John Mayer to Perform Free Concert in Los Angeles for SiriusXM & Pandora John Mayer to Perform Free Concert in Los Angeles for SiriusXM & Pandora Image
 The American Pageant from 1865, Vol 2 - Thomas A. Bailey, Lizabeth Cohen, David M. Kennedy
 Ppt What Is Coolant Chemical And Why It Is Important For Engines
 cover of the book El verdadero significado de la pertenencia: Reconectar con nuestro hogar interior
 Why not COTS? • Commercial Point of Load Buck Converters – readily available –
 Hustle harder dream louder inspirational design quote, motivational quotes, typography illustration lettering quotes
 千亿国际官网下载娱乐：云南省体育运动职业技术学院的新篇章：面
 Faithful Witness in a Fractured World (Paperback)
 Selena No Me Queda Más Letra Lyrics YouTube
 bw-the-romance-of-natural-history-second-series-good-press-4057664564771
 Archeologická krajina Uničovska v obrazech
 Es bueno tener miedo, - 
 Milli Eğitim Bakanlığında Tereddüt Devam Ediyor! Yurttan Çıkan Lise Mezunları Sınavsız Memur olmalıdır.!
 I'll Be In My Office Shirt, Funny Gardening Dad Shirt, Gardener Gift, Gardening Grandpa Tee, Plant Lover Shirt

+===+

Task instructions =
Your answer should consist of the lines from the line with "cover of the" through the last line of the data, set down exactly, both included.

Solution to this problem =
 cover of the book El verdadero significado de la pertenencia: Reconectar con nuestro hogar interior
 Why not COTS? • Commercial Point of Load Buck Converters – readily available –
 Hustle harder dream louder inspirational design quote, motivational quotes, typography illustration lettering quotes
 千亿国际官网下载娱乐：云南省体育运动职业技术学院的新篇章：面
 Faithful Witness in a Fractured World (Paperback)
 Selena No Me Queda Más Letra Lyrics YouTube
 bw-the-romance-of-natural-history-second-series-good-press-4057664564771
 Archeologická krajina Uničovska v obrazech
 Es bueno tener miedo, - 
 Milli Eğitim Bakanlığında Tereddüt Devam Ediyor! Yurttan Çıkan Lise Mezunları Sınavsız Memur olmalıdır.!
 I'll Be In My Office Shirt, Funny Gardening Dad Shirt, Gardener Gift, Gardening Grandpa Tee, Plant Lover Shirt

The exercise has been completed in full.